START Collected material
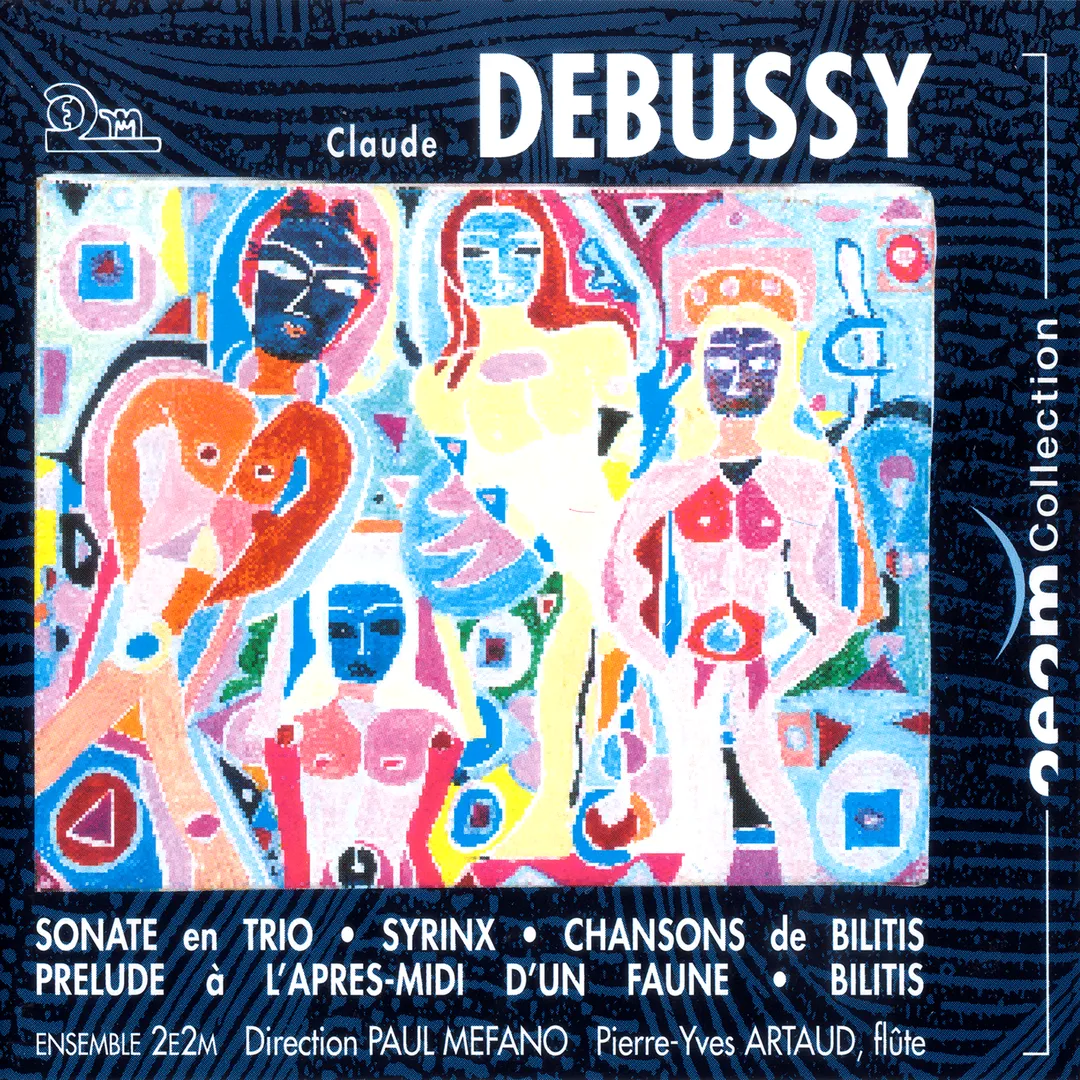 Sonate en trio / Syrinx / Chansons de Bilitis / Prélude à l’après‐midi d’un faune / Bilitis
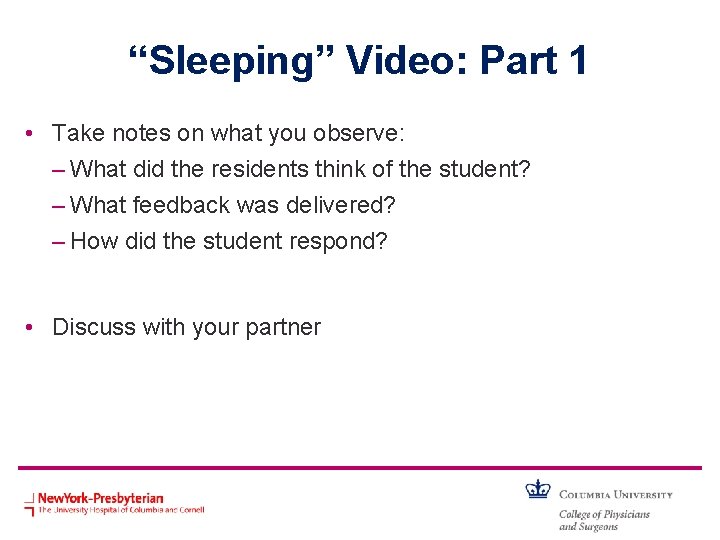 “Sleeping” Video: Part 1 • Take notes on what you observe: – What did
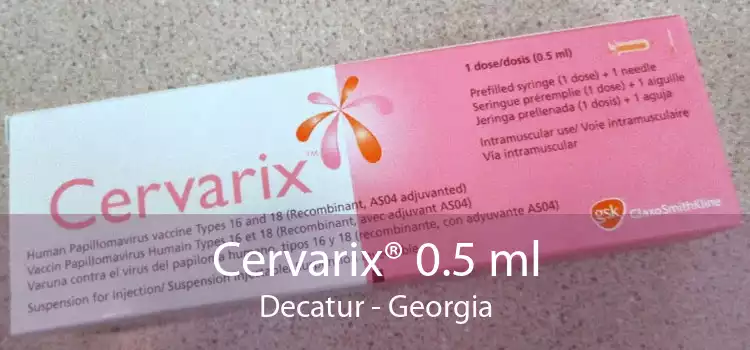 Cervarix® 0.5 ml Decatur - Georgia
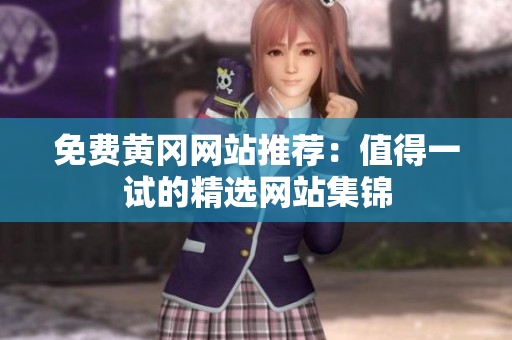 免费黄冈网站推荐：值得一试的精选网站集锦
END Collected material
Task requirements: Pictures do not belong in the copy. Reproduce the rest of the data exactly.

Response to this task:
 Sonate en trio / Syrinx / Chansons de Bilitis / Prélude à l’après‐midi d’un faune / Bilitis
 “Sleeping” Video: Part 1 • Take notes on what you observe: – What did
 Cervarix® 0.5 ml Decatur - Georgia
 免费黄冈网站推荐：值得一试的精选网站集锦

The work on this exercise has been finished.